ComfyUI Slow generation times in Flux, using loras ( fixed by using GGUF models or XLabs loras )

Actual Behavior

Using loras with Flux is very slow. This is independent from the lora size.

But performance is good, using loras, if one of these conditions is met:

XLabs loras are used
GUFF models are used ( even the larger Q8_0 )
--reserve-vram 1.2 is used - AND - only a single lora is used

More details, in the previous thread : https://github.com/comfyanonymous/ComfyUI/issues/4618 Initially, I thought this issue was related to lora size, but this is not the case. These conditions are independent from lora size: For instance, --reserve-vram 1.2 will work for one 1.28 GB lora, but not for two 19 MB loras.

Other

GTX 1070 ( 8GB )
32 GB RAM
Windows 10
pytorch version: 2.3.1+cu121

Aug 29 '24 10:08 JorgeR81

It case it helps, @city96 made some observations:

about XLabs loras using one merged qkv key, instead of separate q/k/v keys:

https://github.com/city96/ComfyUI-GGUF/issues/33#issuecomment-2310735260

about the way GUFF models handle multiple loras:

They weights are kept in CPU memory and are loaded in one by one instead of being applied on load or whatever the default for fp8 is. Technically it's slower but I decided to use this method as multiple LoRAs would take up more and more VRAM.

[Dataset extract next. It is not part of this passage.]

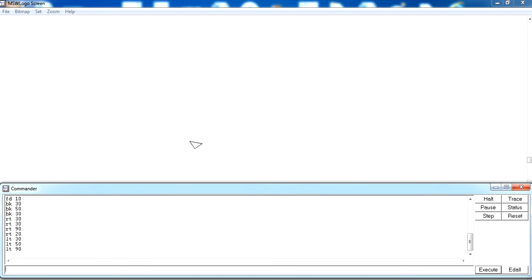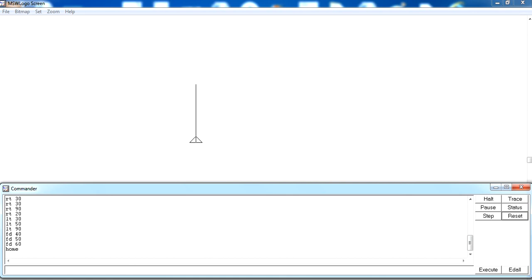We have another command called the home command. The home command is used when you want to bring the turtle back to its starting position. For example, after running fd 40, fd 50, and fd 60, when you write the home command, the turtle comes back to its original starting position.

https://github.com/city96/ComfyUI-GGUF/issues/64#issuecomment-2307772571

Aug 29 '24 10:08 JorgeR81

If this issue only occurs when using gguf models, it would be good to specify 'gguf' in the title.

This way, users experiencing similar issues can clearly find which issue thread they should check for their case.

Aug 29 '24 10:08 ltdrdata

No, it's the other way round. The issue never happens with GGUF ( and also never happens with XLabs loras ). I changed the title to be more specific.

Here are some of the loras I used to test:

These civitai loras are always fast with GGUF models ( even using large loras and multiple loras ) They are very slow in Flux FP8/FP16 ( but they are fast, if I use --reserve-vram 1.2, and a single lora ). https://civitai.com/models/672963/phlux-photorealism-with-style-incredible-texture-and-lighting?modelVersionId=753339 https://civitai.com/models/651187?modelVersionId=728513 https://civitai.com/models/639937/boreal-fd-boring-reality-flux-dev-lora https://civitai.com/models/641309/formcorrector-anatomic?modelVersionId=717317

XLabs loras are allways fast ( even using large loras and multiple loras ) https://huggingface.co/XLabs-AI/flux-lora-collection/tree/main

In Summary:

Flux model + XLabs loras => FAST
GUFF model + loras => FAST
Flux FP8 + civitai loras => SLOW

Aug 29 '24 11:08 JorgeR81

I was able to use the new InstantX ControlNet Canny, with --reserve-vram 2.0 ( although I just tried with the Q4_K_S model ).

So now I tried, --reserve-vram 2.0 + Flux FP8 + 2 civitai loras ( 292 + 164 MB ) and it worked, with normal speeds, with a normal GPU usage of 7.4 ~ 7.5 GB ( over 25 steps ).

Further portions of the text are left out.